Im not a fan of bitless after watching a girl with her show jumper get out of control in the show jumping ring during a competition with it. The trainer switched the horse over to just a plain snaffle bit and it was like a whole different horse that walked into that ring, 100% under control with the same rider. I think the bitless are for that small group of special horses that work better in them then a bit.


----------



## MyMiniGal (Oct 22, 2013)

Well, honestly, that is what I was thinking...that a horse, really would behave better, with a bit of some kind. Will definitely try a soft bit, first.


----------



## Becky Horat (Oct 22, 2013)

Our wonderful Sammy, has an underbite as well. We knew this when we bought him, but his outstanding disposition for a driving horse was our main attraction to him. We have had NO regrets. We drive him in a snaffle type bits. He has had no problems at all. His teeth have been checked and worked on regularly since a young age. He's now 5 and all seems just fine. And as far as showing....go for it!! We show him in everything except Halter. And they say he can show Halter, as he's a gelding and they don't check teeth unless moving up in championship classes. But, don't think an underbite is a good trait for a Halter class IMO. He has done very well in Hunter and Halter and Driving Obstacle. We also show him Reinsmanship and the regular driving classes. So, don't let the underbite stop you from showing. Also showing in CDE or driven Dressage or trail driving or Open shows.
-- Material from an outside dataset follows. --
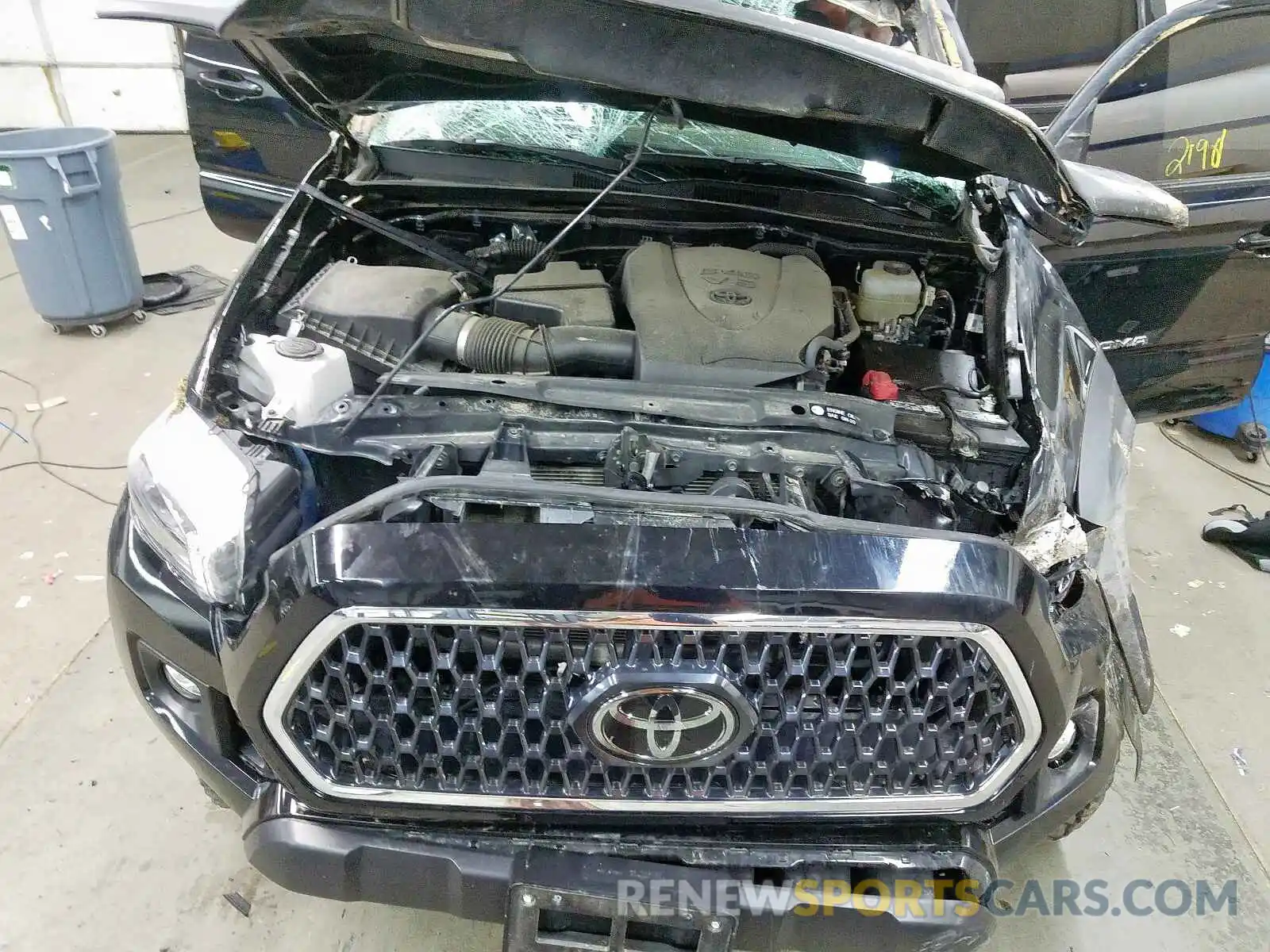 7 Photograph of a damaged car 5TFCZ5AN0KX179578 TOYOTA TACOMA 2019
As far as the bitless bridle. My opinion, unless they have a real reason they can NOT wear a bit...not just because they don't want to, I feel a horse is much better trained and responsive w/ a bit....especially driving. I've tried the bitless bridle and have ridden some horses in side pulls in situations, but still would always train my horses in a bit. Again, just my opinion.


----------



## MyMiniGal (Oct 22, 2013)

I would only be able to show her in open shows, as she has no papers. I think her Sire was R, and her Dam was A and R...not sure on all of that though, as I have never checked into that. I honestly, didn't know any better, when it came to papers and showing and all of that. I knew you had to have papers to show, but that wasn't why I was wanting her. I could of gotten a mini for less, without papers too, but her and I clicked. There is something said for clicking with a horse, right off. It was funny, as when I first saw her and the owners were showing all Halo knew, which honestly, to me was a lot, Halo kept wanting to be with me. Even without papers and all of that, she is worth the moon to me. Underbite and all.





I am so glad I asked this question on here though. Not only has it given me the answer I was hoping to hear, but also, to realize, I'm not the only one, with a "special" mini.


----------



## CZP1 (Oct 23, 2013)

Sorry no pictures yet, but as you can tell everybody has an underbite 

You can still use a bit. You just have to work on her accepting the bit and it will all come together. Sorry so vague but there is alot of great advice here.


----------



## MyMiniGal (Oct 23, 2013)

All is good now. No worries on my end, anymore. Will just treat her as a horse, like she has no underbite, but always keep it in mind, that she may need a different bit, due to it or something, and will plan on having yearly check-ups, which I would of anyway, and let the vet decide on when things need to be done with her mouth. Didn't realize how common this seems to be in them.

Thank you everyone, who took the time to respond. I really appreciate it.


----------